Apesar da intensificação recente do confronto entre as facções, especialistas e moradores de Sobral relatam que a cidade já convive há tempos com a violência desses grupos criminosos.
Dois professores de escolas estaduais relataram à meio de comunicação ser comum que alunos sejam impedidos de frequentar as aulas em unidades que estão em áreas dominadas por facções diferentes do local em que moram. Eles pediram para não ser identificados por medo.
Francisco Elionardo Nascimento, professor e coordenador do Covio (Laboratório de Estudos sobre Conflitualidades e Violência) da Uece (Universidade Estadual do Ceará), afirma que em Sobral as facções "têm se mostrado cada vez mais incisivas no funcionamento das escolas, inclusive, operacionalizando o modo como devem funcionar".
Ele ressalta ainda que alunos e professores acabam vivendo em um contexto de insegurança incompatível com o ambiente necessário para o processo educativo.
"A gente percebe os professores muito acuados, afinal eles estão dando aula para os filhos de pessoas com vínculo com as facções. Essas pessoas impõem como a escola deve lidar com questões disciplinares e isso, obviamente, amedronta os professores."

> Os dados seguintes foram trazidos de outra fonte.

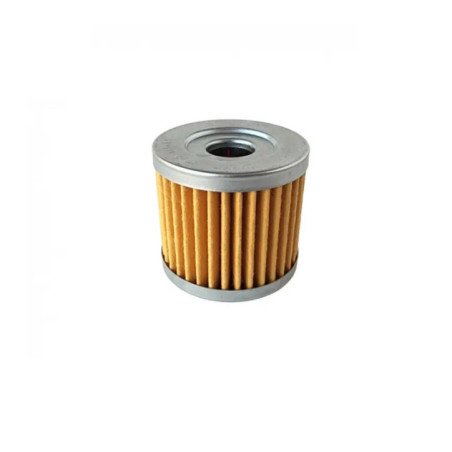 FILTRO ACEITE TVS APACHE 160/180 KIGCOL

"É muito comum em Sobral esse modelo de execução, em que alguém passa de moto e sai atirando contra um alvo específico. O caso de hoje teve repercussão nacional por acontecer dentro de uma escola, contra alunos. Mas essa é uma realidade com a qual Sobral convive e que se intensificou nas últimas semanas por conta da disputa acirrada entre as facções."
Luiz Fábio Paiva, professor da UFC e coordenador do LEV, também afirma que há muito tempo a violência das facções já adentrou as escolas e faz parte da vida de muitas crianças e adolescentes.
"Esses grupos usam a violência para fazer ser acertos de conta e esses acertos podem acontecer pelos mais variados motivos, desde usar uma camisa ou simplesmente morar em um território que é considerado do inimigo", afirma.
"O tiroteio nos escancara como essa disputa entre facções atinge um local onde crianças e adolescentes deveriam ter suas vidas protegidas. Infelizmente, isso não exatamente uma novidade."